:: Requirement ::
An exact copy of the data below is needed; please leave out any pictures.

[Short web captions]
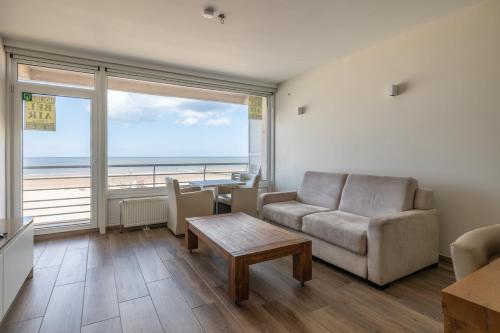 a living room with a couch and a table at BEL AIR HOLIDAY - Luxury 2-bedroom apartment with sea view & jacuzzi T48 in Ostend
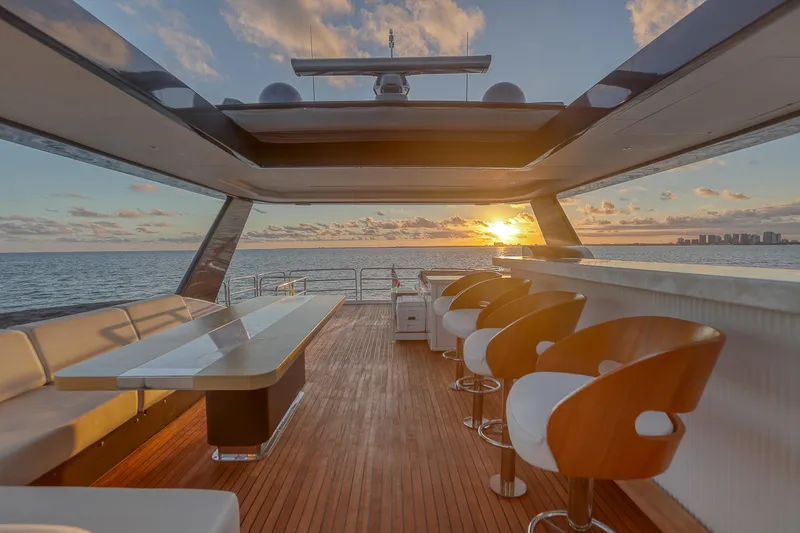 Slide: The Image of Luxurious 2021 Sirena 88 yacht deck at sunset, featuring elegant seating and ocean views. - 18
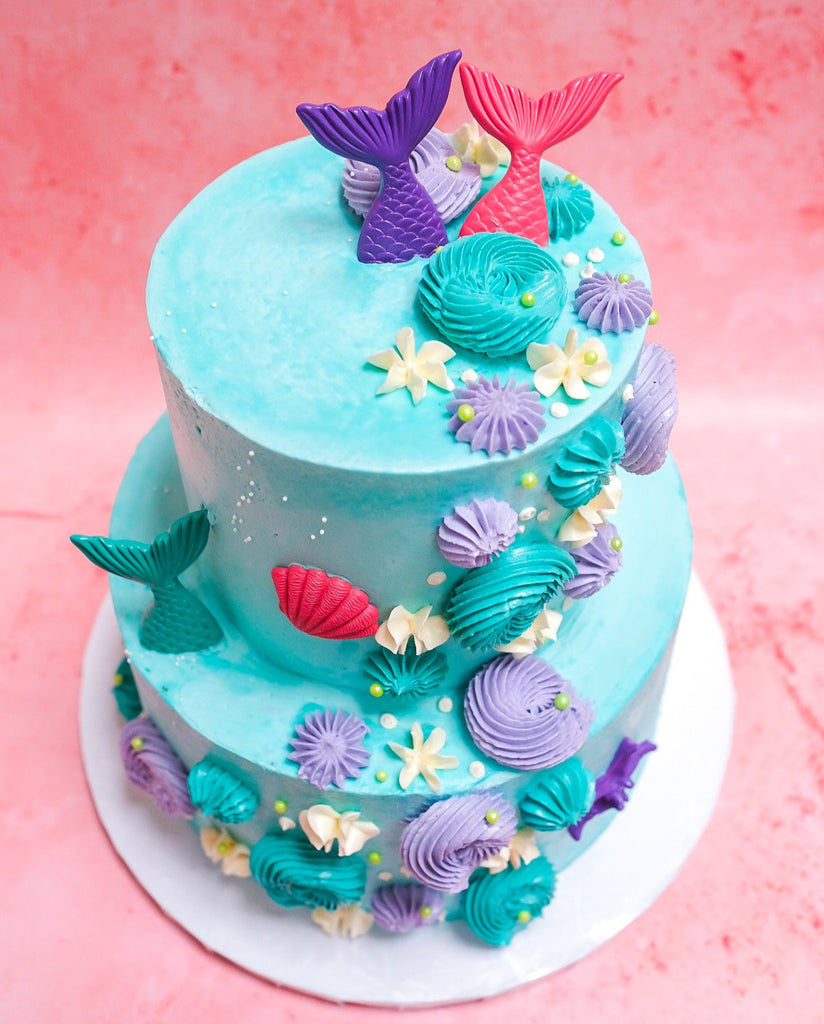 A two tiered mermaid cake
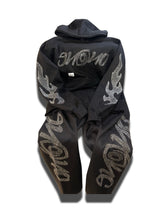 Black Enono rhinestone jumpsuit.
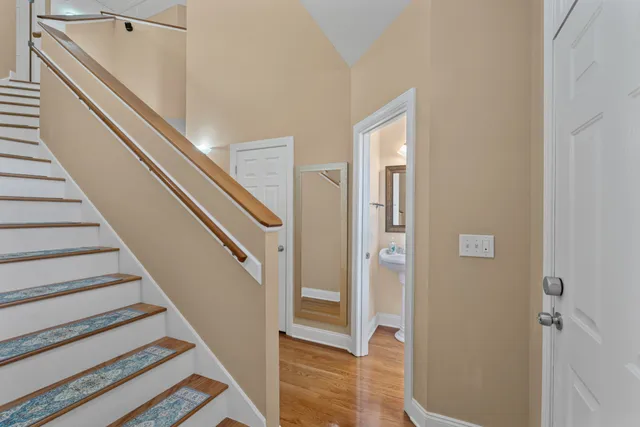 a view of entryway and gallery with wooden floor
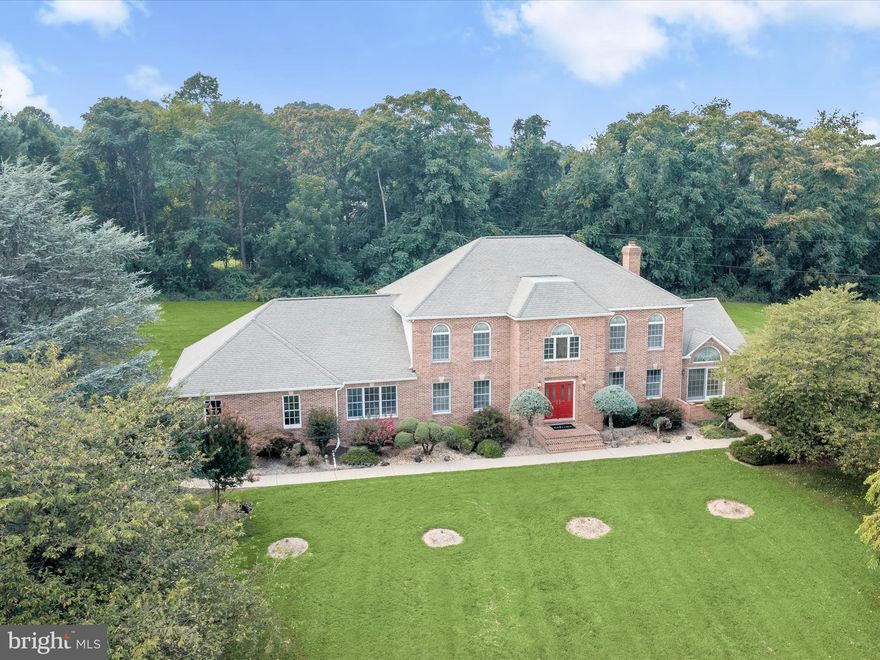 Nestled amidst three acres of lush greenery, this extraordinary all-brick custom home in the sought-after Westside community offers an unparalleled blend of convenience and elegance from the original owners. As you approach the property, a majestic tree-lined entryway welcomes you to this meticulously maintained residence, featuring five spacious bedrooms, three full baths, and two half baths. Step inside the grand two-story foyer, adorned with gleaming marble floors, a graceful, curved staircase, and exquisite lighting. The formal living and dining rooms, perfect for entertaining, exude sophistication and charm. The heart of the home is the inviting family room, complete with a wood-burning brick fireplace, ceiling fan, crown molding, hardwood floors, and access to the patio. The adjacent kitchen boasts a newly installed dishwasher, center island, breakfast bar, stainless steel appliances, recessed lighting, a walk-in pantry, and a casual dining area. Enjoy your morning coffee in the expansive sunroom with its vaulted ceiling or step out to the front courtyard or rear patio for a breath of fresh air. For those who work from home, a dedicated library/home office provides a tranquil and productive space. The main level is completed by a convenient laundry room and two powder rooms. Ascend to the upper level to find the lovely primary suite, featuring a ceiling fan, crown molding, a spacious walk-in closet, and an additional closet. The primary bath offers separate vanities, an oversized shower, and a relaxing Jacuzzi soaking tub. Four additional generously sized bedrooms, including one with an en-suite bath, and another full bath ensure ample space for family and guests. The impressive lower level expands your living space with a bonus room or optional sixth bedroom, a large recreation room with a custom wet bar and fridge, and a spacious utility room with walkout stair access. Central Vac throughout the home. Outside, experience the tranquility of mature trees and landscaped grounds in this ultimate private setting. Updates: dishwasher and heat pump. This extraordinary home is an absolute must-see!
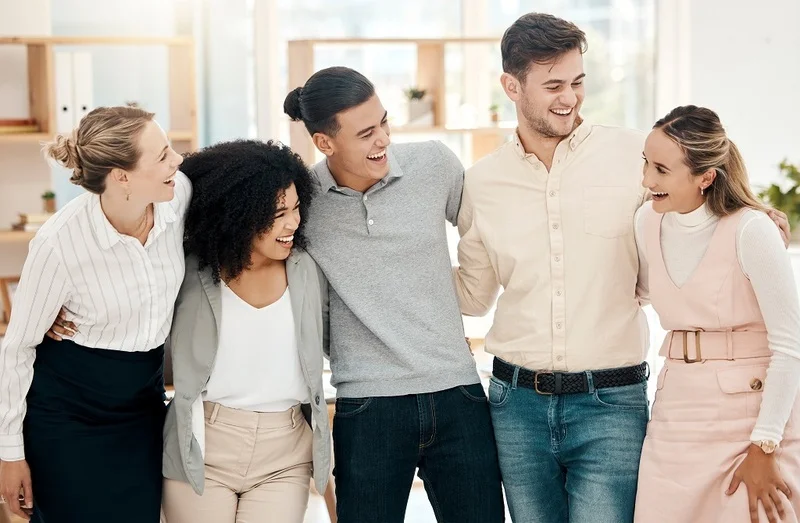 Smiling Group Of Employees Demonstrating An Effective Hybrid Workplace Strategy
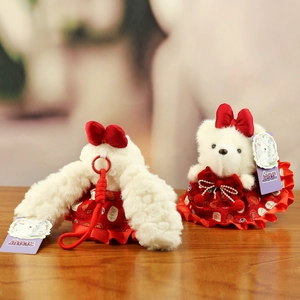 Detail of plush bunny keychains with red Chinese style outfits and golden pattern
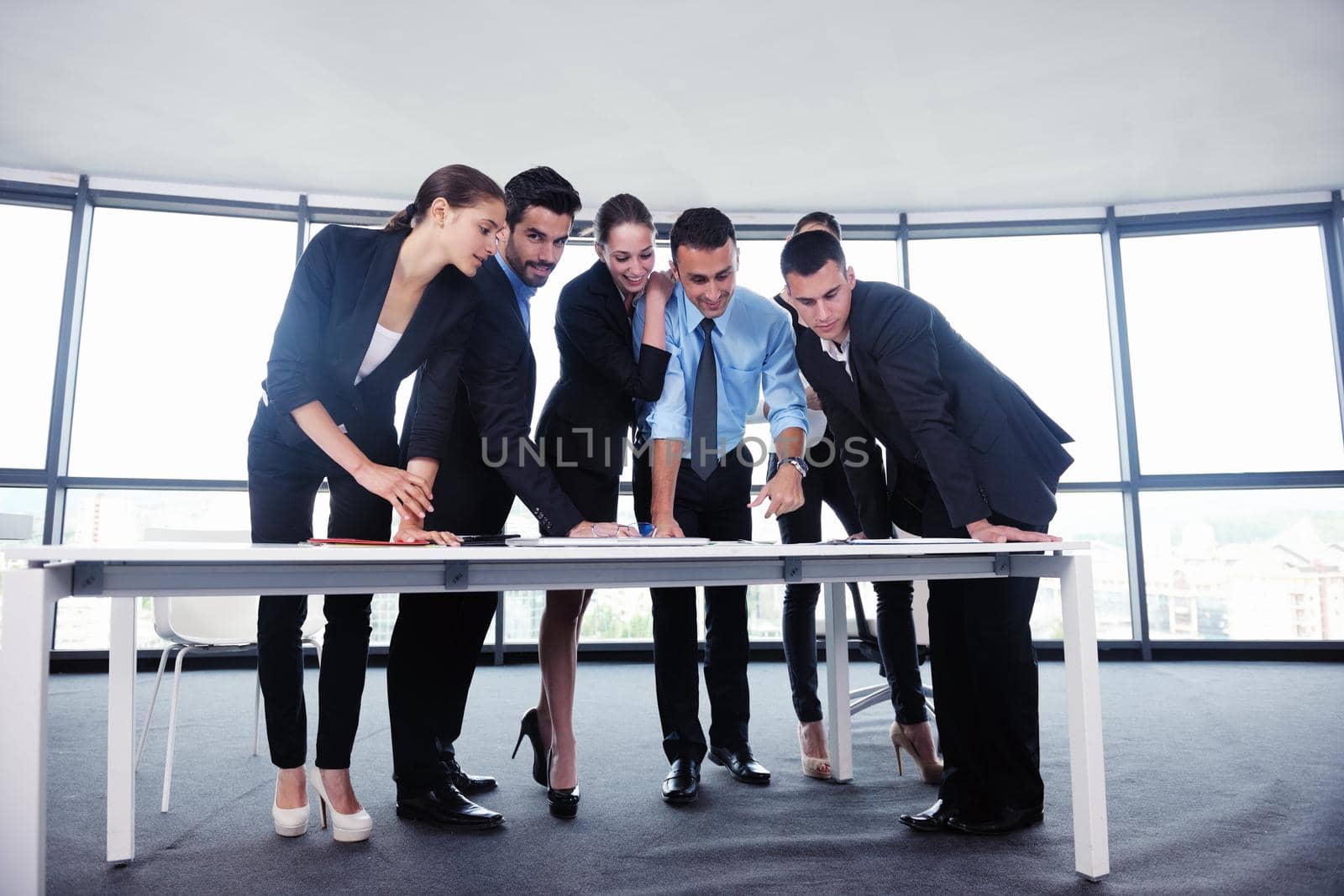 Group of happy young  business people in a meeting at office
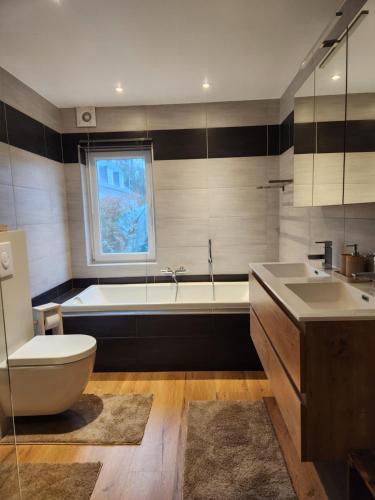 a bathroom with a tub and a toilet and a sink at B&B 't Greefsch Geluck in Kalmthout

:: Task answer ::
 a living room with a couch and a table at BEL AIR HOLIDAY - Luxury 2-bedroom apartment with sea view & jacuzzi T48 in Ostend
 Slide: The Image of Luxurious 2021 Sirena 88 yacht deck at sunset, featuring elegant seating and ocean views. - 18
 A two tiered mermaid cake
 Black Enono rhinestone jumpsuit.
 a view of entryway and gallery with wooden floor
 Nestled amidst three acres of lush greenery, this extraordinary all-brick custom home in the sought-after Westside community offers an unparalleled blend of convenience and elegance from the original owners. As you approach the property, a majestic tree-lined entryway welcomes you to this meticulously maintained residence, featuring five spacious bedrooms, three full baths, and two half baths. Step inside the grand two-story foyer, adorned with gleaming marble floors, a graceful, curved staircase, and exquisite lighting. The formal living and dining rooms, perfect for entertaining, exude sophistication and charm. The heart of the home is the inviting family room, complete with a wood-burning brick fireplace, ceiling fan, crown molding, hardwood floors, and access to the patio. The adjacent kitchen boasts a newly installed dishwasher, center island, breakfast bar, stainless steel appliances, recessed lighting, a walk-in pantry, and a casual dining area. Enjoy your morning coffee in the expansive sunroom with its vaulted ceiling or step out to the front courtyard or rear patio for a breath of fresh air. For those who work from home, a dedicated library/home office provides a tranquil and productive space. The main level is completed by a convenient laundry room and two powder rooms. Ascend to the upper level to find the lovely primary suite, featuring a ceiling fan, crown molding, a spacious walk-in closet, and an additional closet. The primary bath offers separate vanities, an oversized shower, and a relaxing Jacuzzi soaking tub. Four additional generously sized bedrooms, including one with an en-suite bath, and another full bath ensure ample space for family and guests. The impressive lower level expands your living space with a bonus room or optional sixth bedroom, a large recreation room with a custom wet bar and fridge, and a spacious utility room with walkout stair access. Central Vac throughout the home. Outside, experience the tranquility of mature trees and landscaped grounds in this ultimate private setting. Updates: dishwasher and heat pump. This extraordinary home is an absolute must-see!
 Smiling Group Of Employees Demonstrating An Effective Hybrid Workplace Strategy
 Detail of plush bunny keychains with red Chinese style outfits and golden pattern
 Group of happy young  business people in a meeting at office
 a bathroom with a tub and a toilet and a sink at B&B 't Greefsch Geluck in Kalmthout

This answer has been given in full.